Korea Płd./ Prezydent Jun: traktat Korei Płn. z Rosją jest anachroniczny
"Ostatnio Korea Północna nie wahała się podejmować nikczemnych i irracjonalnych prowokacji, polegających na wysyłaniu balonów ze śmieciami. W zeszłym tygodniu podpisała kompleksowy traktat o współpracy strategicznej z Rosją, która wywołała wojnę na Ukrainie, i obiecała wzmocnić współpracę wojskową i gospodarczą, rażąco naruszając rezolucje Rady Bezpieczeństwa ONZ" - powiedział Jun podczas ceremonii w mieście Taegu na południowym wschodzie kraju.
Prezydent odniósł się do traktatu podpisanego w Pjongjangu 19 czerwca przez dyktatorów Władimira Putina i Kim Dzong Una. Dokument zawiera artykuł o wzajemnej obronie, zgodnie z którym obie strony mają "niezwłocznie" i "wszelkimi dostępnymi sposobami" udzielić sobie nawzajem wsparcia w przypadku agresji z zewnątrz.
"To nic innego jak anachroniczne działania sprzeczne z postępem historii" - skomentował Jun. "Nasze wojsko utrzyma niezachwianą gotowość, aby zapewnić, że Korea Północna w żadnych okolicznościach nie odważy się rzucić wyzwania Korei Południowej i odpowie bardzo zdecydowanie na wszelkie prowokacje z Północy" - zapewniał.

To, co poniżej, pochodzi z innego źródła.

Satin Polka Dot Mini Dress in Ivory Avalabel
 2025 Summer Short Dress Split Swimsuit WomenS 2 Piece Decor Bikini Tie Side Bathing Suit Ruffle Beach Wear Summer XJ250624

Stosunki między państwami koreańskimi są obecnie oceniane jako najgorsze od dziesięcioleci. Korea Północna i Korea Południowa formalnie od ponad 70 lat pozostają w stanie wojny, gdyż konflikt zbrojny z lat 1950-1953 zakończył się podpisaniem rozejmu, a nie traktatu pokojowego.
Pod koniec grudnia ubiegłego roku Kim Dzong Un nakazał przyspieszenie przygotowań do "wojny, która może rozpocząć się w każdej chwili". Na początku czerwca rząd w Seulu zawiesił w reakcji na prowokacje Pjongjangu międzykoreańskie porozumienie wojskowe z 2018 roku, które miało złagodzić napięcia militarne.